O Palácio, Monumento Nacional desde 23 de Junho de 1910, graças à dinâmica de cultura que o enche, conseguiu manter-se até hoje mais jovem do que quando foi construído no século XVIII, um conjunto surpreendente, de que Fernando foi o grande maestro, com sua Mulher Maria Amélia a ajudar à sinfonia que ele compôs, ela um incontornável apoio de saber, de encanto e de eterno feminino, sempre presente nas mais complexas circunstâncias, simbolizado no esplendoroso roseiral de sua iniciativa, com cerca de 3.000 plantas que que dão cor ao parterre, o belo jardim de buxos das traseiras de Mateus.
Dos 5 ou 6 Palácios existentes no nosso País, pertencentes a grandes famílias portuguesas, e que são comparáveis entre si pelo seu esplendor e significado histórico, o único no qual palpitou nestes últimos 40 anos vida forte e permanentemente dinamizada por cultura estrutural, é Mateus.

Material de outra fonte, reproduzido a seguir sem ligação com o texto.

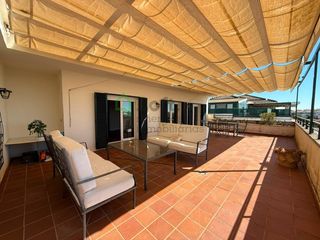 Rent Penthouse in Las Vaguadas. Ático con piscina comunitaria en las vaguadas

Mateus arrancou para a notoriedade nacional e internacional na segunda metade dos anos 70 com os seminários Repensar Portugal e Cultura em Debate, reunindo os expoentes máximos da literatura, da música, do pensamento e da política portugueses. O Palácio passou desde então a existir como um pilar do Douro e Trás-os-Montes, com os seus Cursos para Artistas Residentes, Festivais de Música, o Instituto Internacional Casa de Mateus, os seus Prémios Literários, os Seminários de Tradução Colectiva de Poesia Viva, e os seus apoios às artes plásticas.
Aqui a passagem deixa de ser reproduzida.